| Captioned web image data |
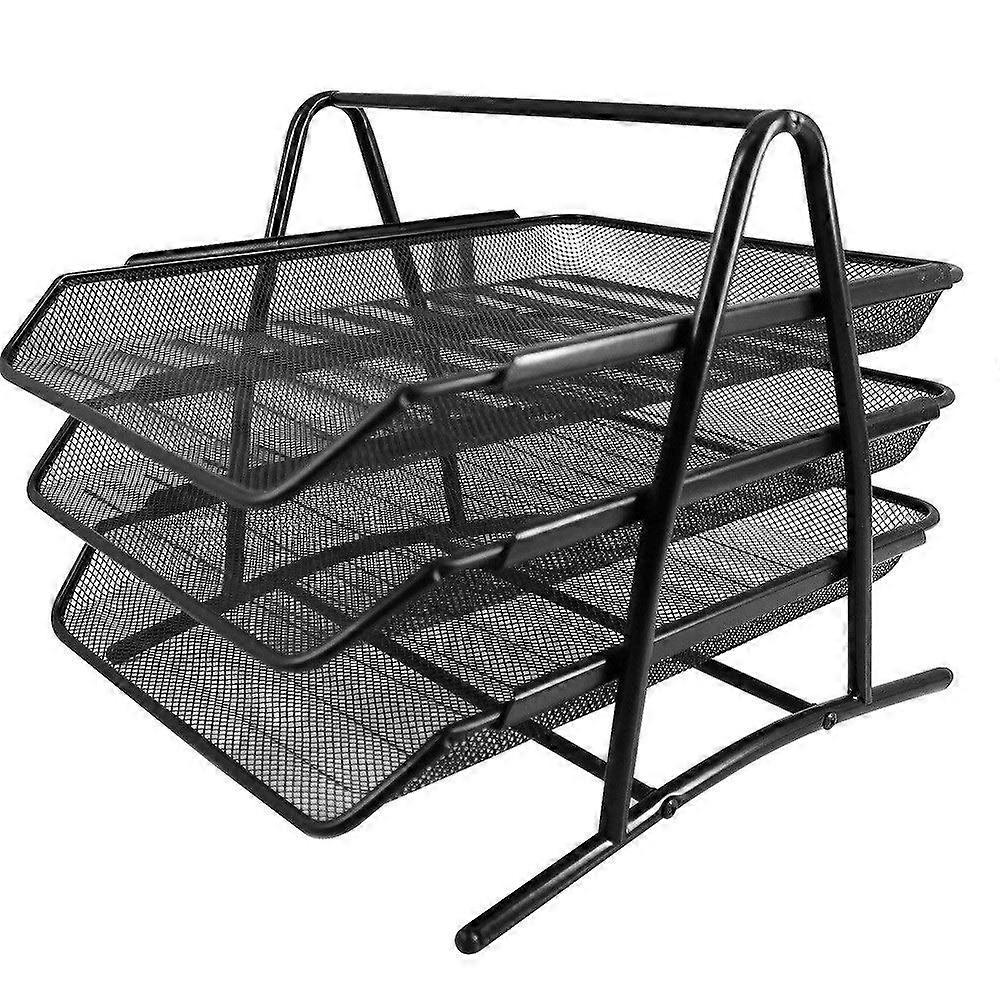 Document Tray Black Mesh 3-Layer File Tray 375x350x278mm File Holder Desk Organizer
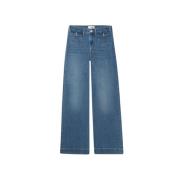 Patch Pocket Slim Palazzo Jeans Frame , Blue , Dames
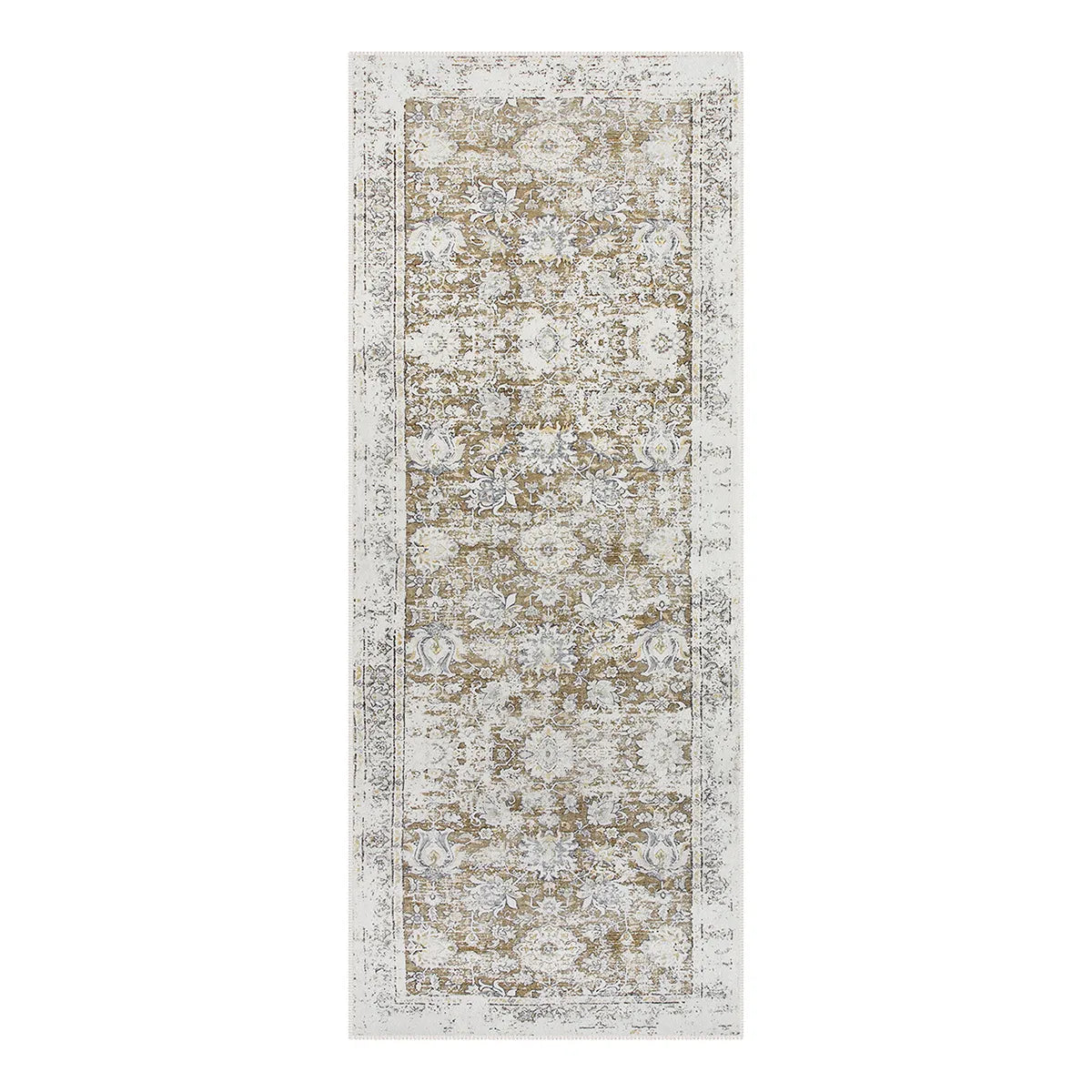 Antinea Washable Vintage Floral Beige Runner Rug Area Rugs Lahome
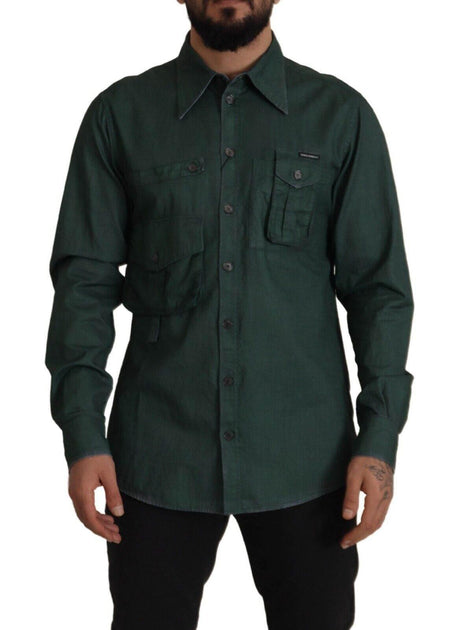 Dolce & Gabbana Dark Green Button Down Long Sleeves Shirt - Hilstor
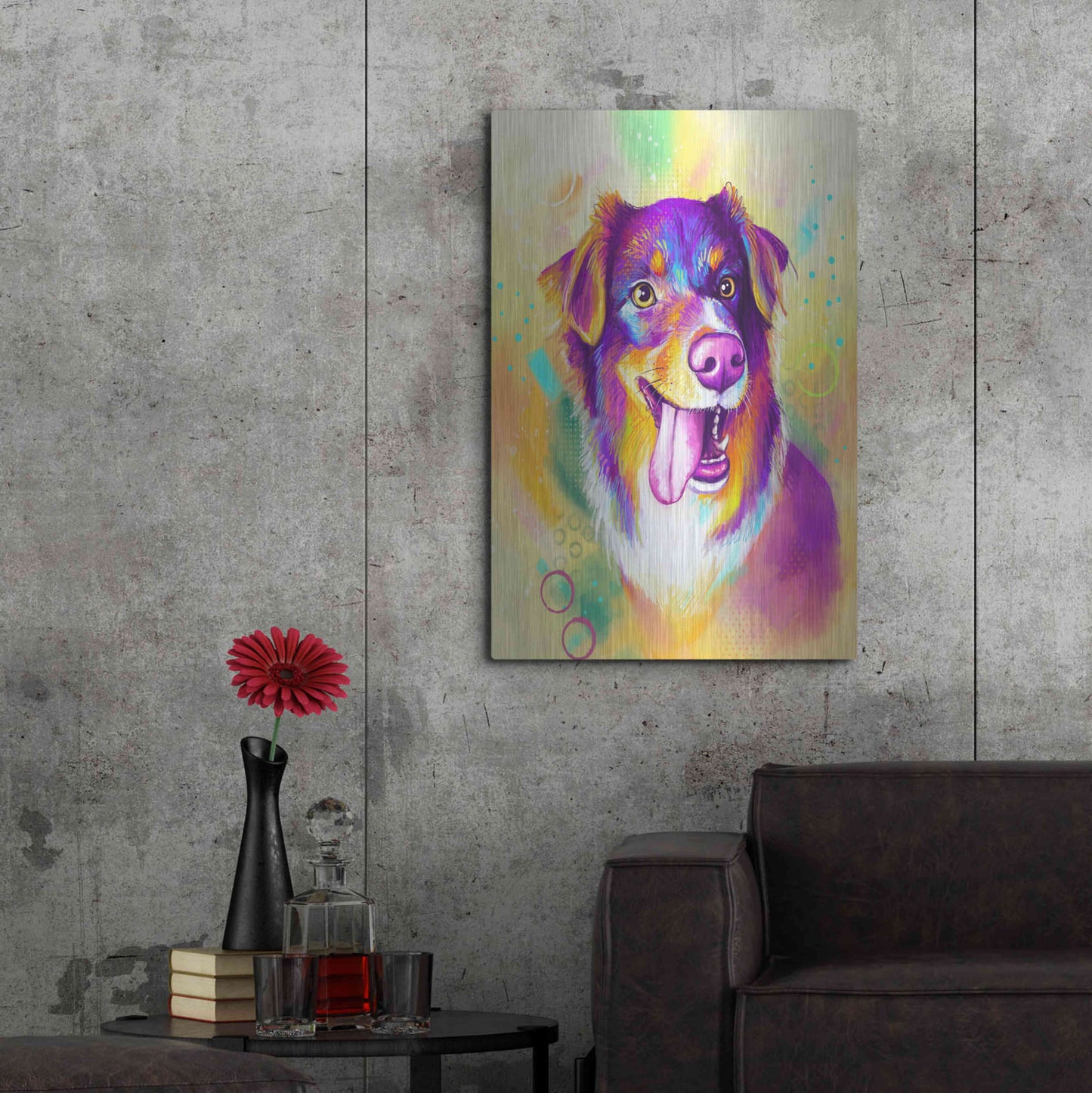 Luxe Metal Art 'Pop Art Australian Shepherd' by Furbaby Affiliates, Metal Wall Art,24x36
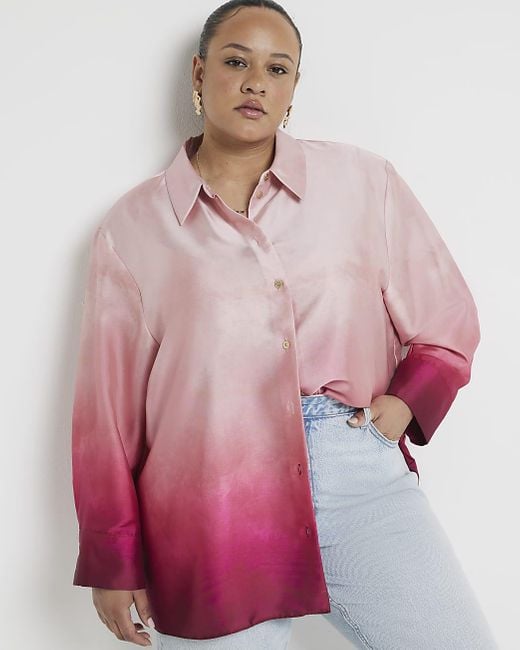 River Island Pink Ombre Oversized Shirt
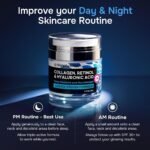 Anti-Aging Face Moisturizer with Retinol, Collagen & Hyaluronic Acid - Moisturizer Face Cream for Women & Men - Visibly Firming & Hydrating Neck Cream - Day & Night Skin Care - 1.7 fl oz - Image 5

| Your objective |
Look above for the line containing "Patch Pocket Slim"; output that line and all lines after it through the last one exactly, without the pictures.

| Solution to this task |
 Patch Pocket Slim Palazzo Jeans Frame , Blue , Dames
 Antinea Washable Vintage Floral Beige Runner Rug Area Rugs Lahome
 Dolce & Gabbana Dark Green Button Down Long Sleeves Shirt - Hilstor
 Luxe Metal Art 'Pop Art Australian Shepherd' by Furbaby Affiliates, Metal Wall Art,24x36
 River Island Pink Ombre Oversized Shirt
 Anti-Aging Face Moisturizer with Retinol, Collagen & Hyaluronic Acid - Moisturizer Face Cream for Women & Men - Visibly Firming & Hydrating Neck Cream - Day & Night Skin Care - 1.7 fl oz - Image 5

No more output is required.